|Women's March, DC, Saturday, January 21, 2017|
Can marches make a difference? They can just ignore us and continue on, right? Is it pointless?
The answer is a resounding THEY MAKE A HUGE DIFFERENCE.
The Women’s Marches of January 21 is a perfect example of how such demonstrations can spark political engagement. The March’s organizers are really on top of their game. They have created follow up actions-one every 10 days over the next 100 days.
The first is seemingly small. Many might dismiss the action as too small to bother. It is to meet up and talk about the march and write printed post cards to our legislators. Surely, in the face of all of the other actions out there, like the Daily Action, this is just another action.
BUT IT ISN’T.
My best friend said, “Hey, the first action is to meetup and write postcards.” Then she listed the five or six people we knew that had either been at the march or supported it and said, “let’s text them and see if they want to do it.” Before ten minutes had gone by, she’d texted or emailed six women with an invitation for coffee after work and a quick post card writing. Within a half hour, all had RSVP’d “yes,” with several more to join. The group practically formed itself. By the time we met, we had eleven.

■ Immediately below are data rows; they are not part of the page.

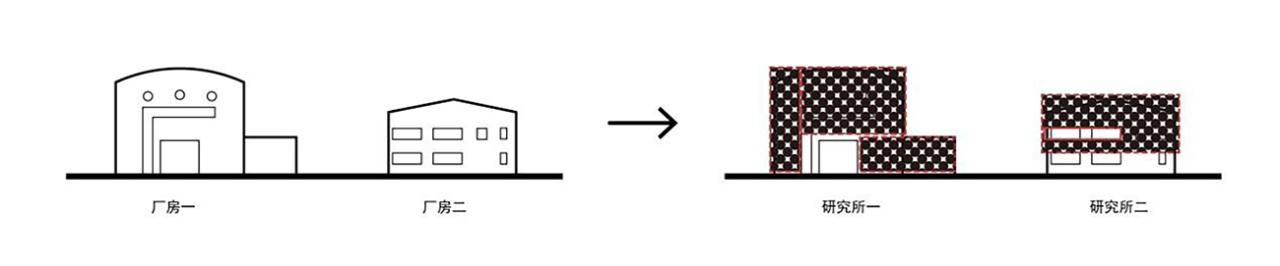 BIM建筑|漂浮盒子：云境未来产业园区 / 格筑设计
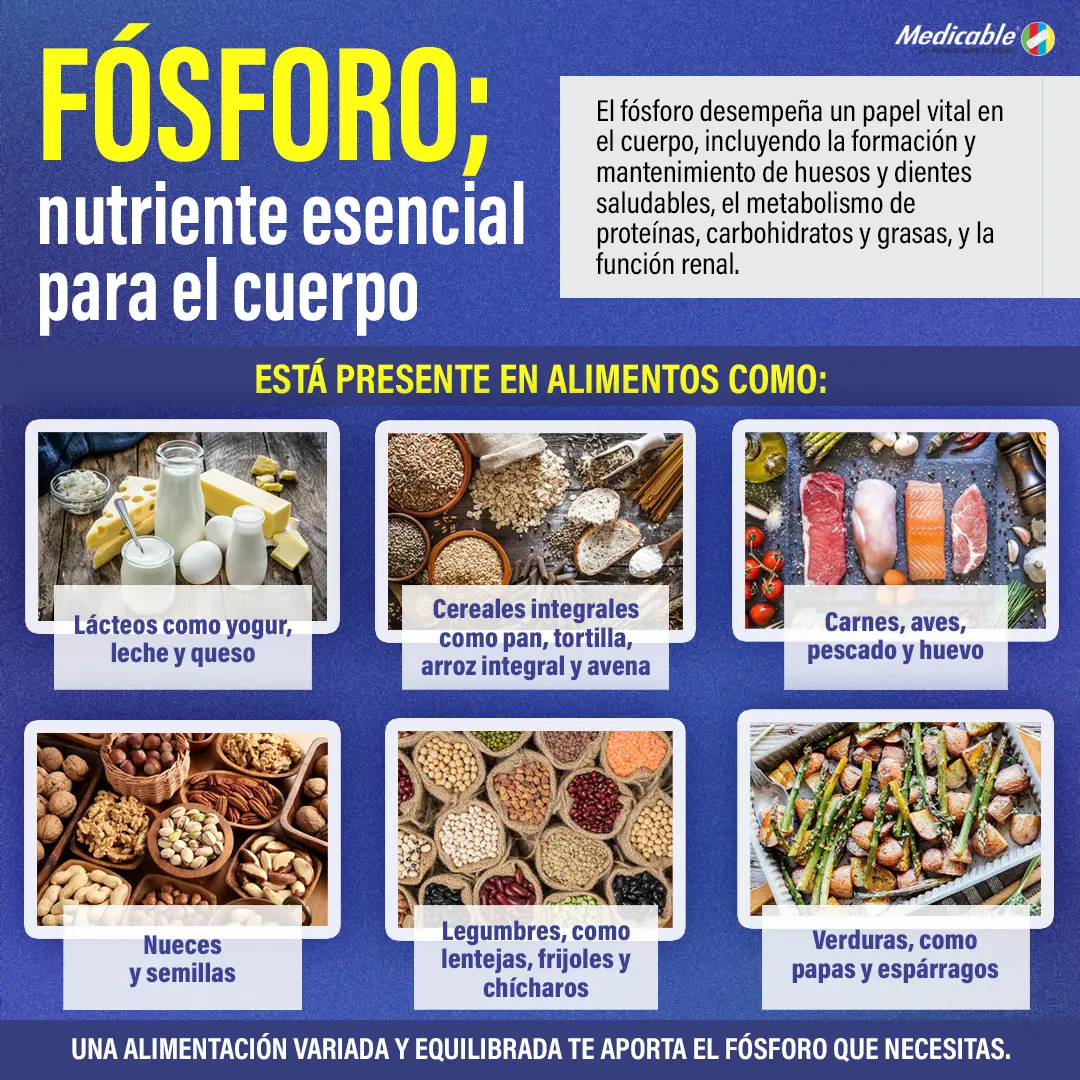 Fósforo, nutriente esencial para el cuerpo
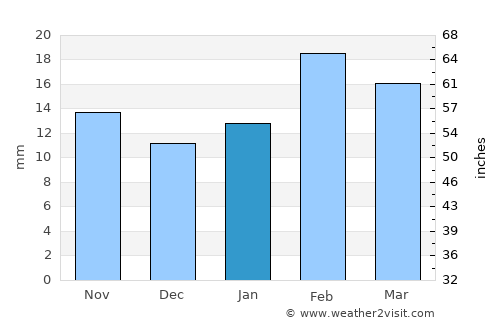 Northam average rain in January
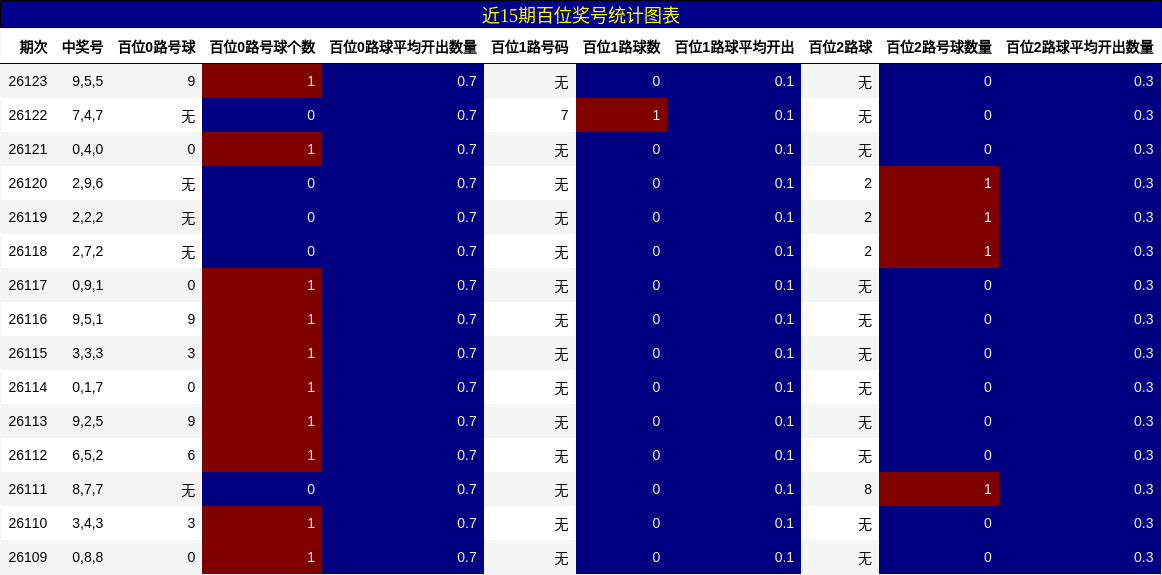 近15期百位奖号统计图表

It was made up of roughly 1/3 Bernie supporters, 1/3 women who have not been particularly politically vocal and 1/3 people who likely supported Clinton. Out of the group, perhaps only 1 or 2 have written legislators before. Not everyone there actually marched. Our ages range from the twenties to the sixties, we have a wide array of focuses, and we have varied life experiences. We represent a broad spectrum. We met at a restaurant; one stranger came up to thank us for our work. He left with cards in hand to write. Another man that we know came up and became part of the group. It looks like our number will grow.
These are folks that are ratcheting up action level beyond previous actions. Grouping together across political divides. Angry, concerned, frustrated and worried but looking to become very practical. We all seem willing to learn.
This is unprecedented among this group; it represents a new level of political engagement. I imagine that our group is not alone. People are becoming politically active—from the left to the center…and maybe even center right—in new and exciting ways.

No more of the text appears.